CRC August 25, 2011 at 12:47 pm

There are a couple of problems with drawing this parallel. Frank33328 has addressed this a bit, I will also take a stab.

First, when politicians ever talk about “giving” something to someone, it must involve forcibly taking something from someone else in order to support their “generosity.”

Second, as Frank33328 pointed out, with politicians it is more often a matter of what they want to force us to do (or not do) rather than a voluntary arrangement.

The huge difference with private businesses and visionaries like Steve Jobs is that they are fundamentally making a guess about what they think people want. They are only rewarded if they guess right and we, as consumers, are typically not stuck with what they’ve offered for long if they guessed wrong. Contrast this with the mechanisms of government and politics and surely you can see the fundamental difference.

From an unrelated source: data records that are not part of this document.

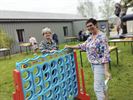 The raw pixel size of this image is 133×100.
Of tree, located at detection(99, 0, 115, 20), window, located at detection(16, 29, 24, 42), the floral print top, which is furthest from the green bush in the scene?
tree, located at detection(99, 0, 115, 20)

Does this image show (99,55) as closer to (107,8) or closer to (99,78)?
(99,78)

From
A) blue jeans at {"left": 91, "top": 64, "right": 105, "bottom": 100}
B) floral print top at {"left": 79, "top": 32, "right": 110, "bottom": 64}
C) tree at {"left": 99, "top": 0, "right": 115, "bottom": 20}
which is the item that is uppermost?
tree at {"left": 99, "top": 0, "right": 115, "bottom": 20}

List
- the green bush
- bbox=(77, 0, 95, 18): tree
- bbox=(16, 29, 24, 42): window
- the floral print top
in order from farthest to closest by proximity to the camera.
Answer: bbox=(77, 0, 95, 18): tree
bbox=(16, 29, 24, 42): window
the green bush
the floral print top

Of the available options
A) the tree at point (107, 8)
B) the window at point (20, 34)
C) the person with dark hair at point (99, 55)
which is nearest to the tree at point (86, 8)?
the tree at point (107, 8)

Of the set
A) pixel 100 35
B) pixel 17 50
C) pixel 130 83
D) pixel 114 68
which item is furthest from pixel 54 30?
pixel 100 35

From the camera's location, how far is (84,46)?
15.0ft

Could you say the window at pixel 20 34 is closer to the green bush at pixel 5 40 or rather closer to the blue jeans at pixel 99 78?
the green bush at pixel 5 40

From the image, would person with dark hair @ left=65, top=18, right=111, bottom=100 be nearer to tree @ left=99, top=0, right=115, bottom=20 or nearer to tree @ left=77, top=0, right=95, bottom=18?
tree @ left=99, top=0, right=115, bottom=20

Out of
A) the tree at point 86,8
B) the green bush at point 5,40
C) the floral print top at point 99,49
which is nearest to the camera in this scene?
the floral print top at point 99,49

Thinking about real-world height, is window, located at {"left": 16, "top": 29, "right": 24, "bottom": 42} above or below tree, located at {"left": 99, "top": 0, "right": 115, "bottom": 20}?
below

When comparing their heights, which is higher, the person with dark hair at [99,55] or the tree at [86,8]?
the tree at [86,8]

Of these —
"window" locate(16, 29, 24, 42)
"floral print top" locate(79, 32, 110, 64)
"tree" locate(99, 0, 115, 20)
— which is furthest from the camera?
"tree" locate(99, 0, 115, 20)

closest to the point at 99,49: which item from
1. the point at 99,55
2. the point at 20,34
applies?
the point at 99,55

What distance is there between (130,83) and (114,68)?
212 cm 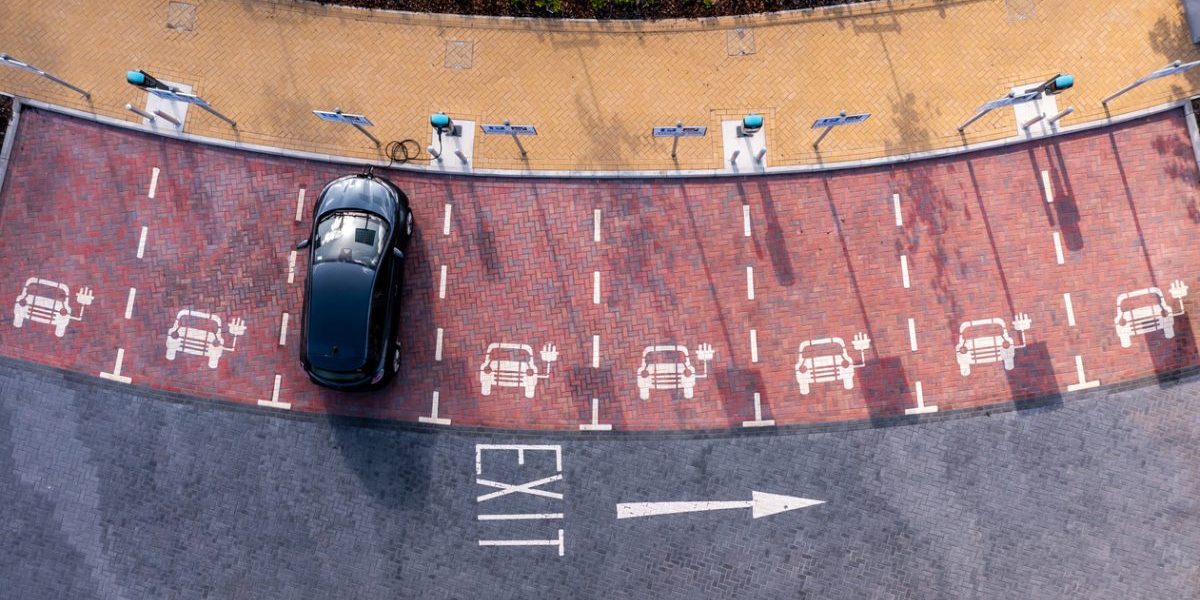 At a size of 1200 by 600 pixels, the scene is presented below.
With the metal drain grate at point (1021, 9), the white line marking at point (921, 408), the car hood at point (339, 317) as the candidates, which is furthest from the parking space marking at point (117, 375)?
the metal drain grate at point (1021, 9)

BZ August 25, 2011 at 12:49 pm

Apple, a maker of overpriced electronic products since 1977, did nothing for me, but they also did nothing TO me. I’m happy Dr. Roberts is pleased with their products. I’m even more please that he had a choice. Governments give me no choice — they take them away.

John S. August 25, 2011 at 6:01 pm

Define “overpriced’. People were standing in line to buy the new iPad. I’d say that counts as underpriced, wouldn’t you?

BZ August 25, 2011 at 6:33 pm

Heh .. touche, I definitely meant “more expensive than their competitors for similar/identical/inferior (tech wise) products”. Thanks for catching me on that.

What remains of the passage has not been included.